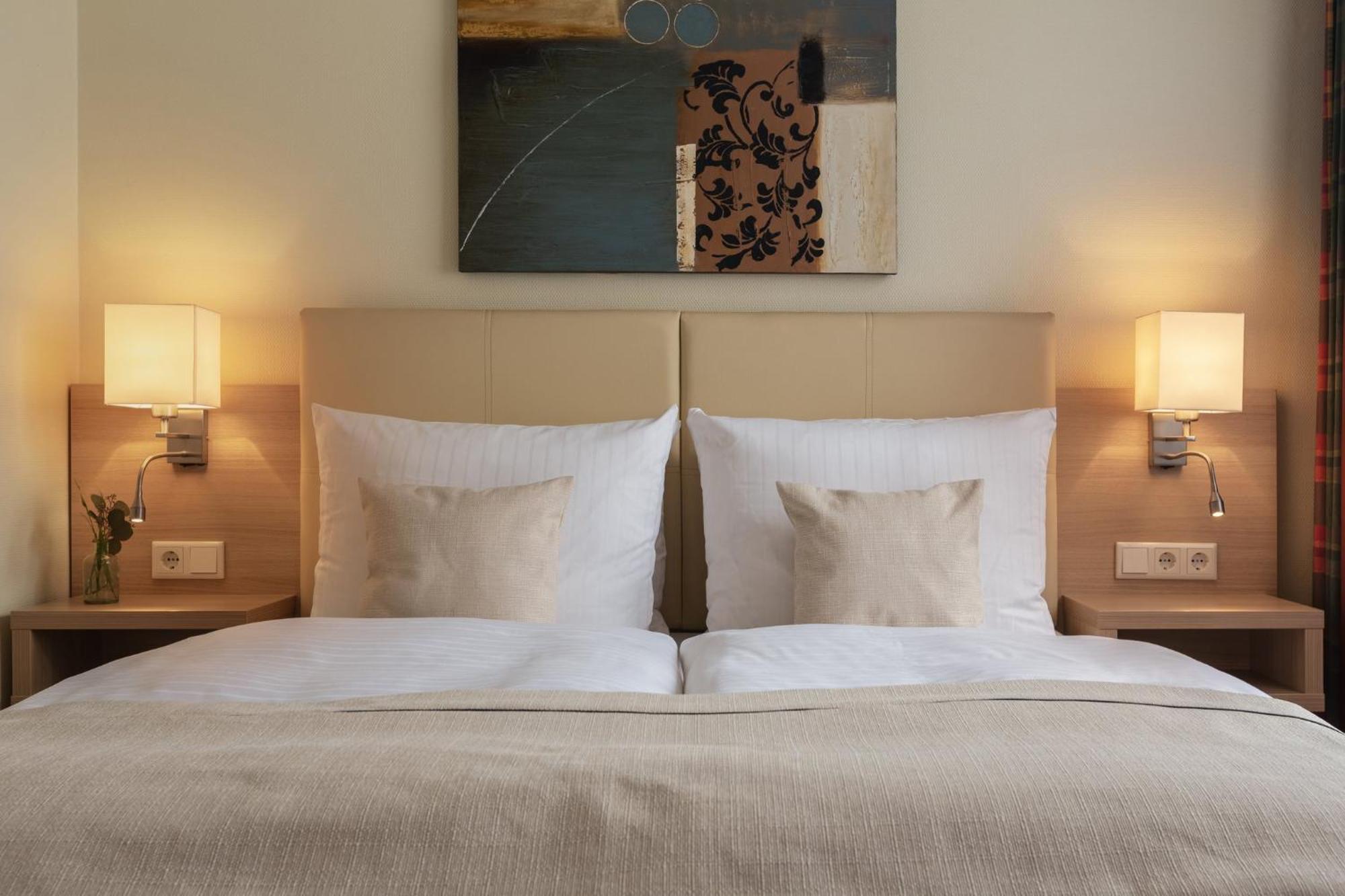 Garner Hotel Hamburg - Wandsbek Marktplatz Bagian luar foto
_ _ _ _ _ _ _
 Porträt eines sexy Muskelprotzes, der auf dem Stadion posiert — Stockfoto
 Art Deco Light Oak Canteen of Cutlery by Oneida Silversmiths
_ _ _ _ _ _ _
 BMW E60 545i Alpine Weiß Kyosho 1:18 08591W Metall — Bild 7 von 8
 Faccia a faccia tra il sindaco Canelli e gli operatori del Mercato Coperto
_ _ _ _ _ _ _
* **TASK TO COMPLETE**:
Copy out the lines above exactly, beginning at the one that contains "Porträt eines sexy" and ending at the one that contains "Art Deco Light".

* **WRITTEN RESPONSE**:
 Porträt eines sexy Muskelprotzes, der auf dem Stadion posiert — Stockfoto
 Art Deco Light Oak Canteen of Cutlery by Oneida Silversmiths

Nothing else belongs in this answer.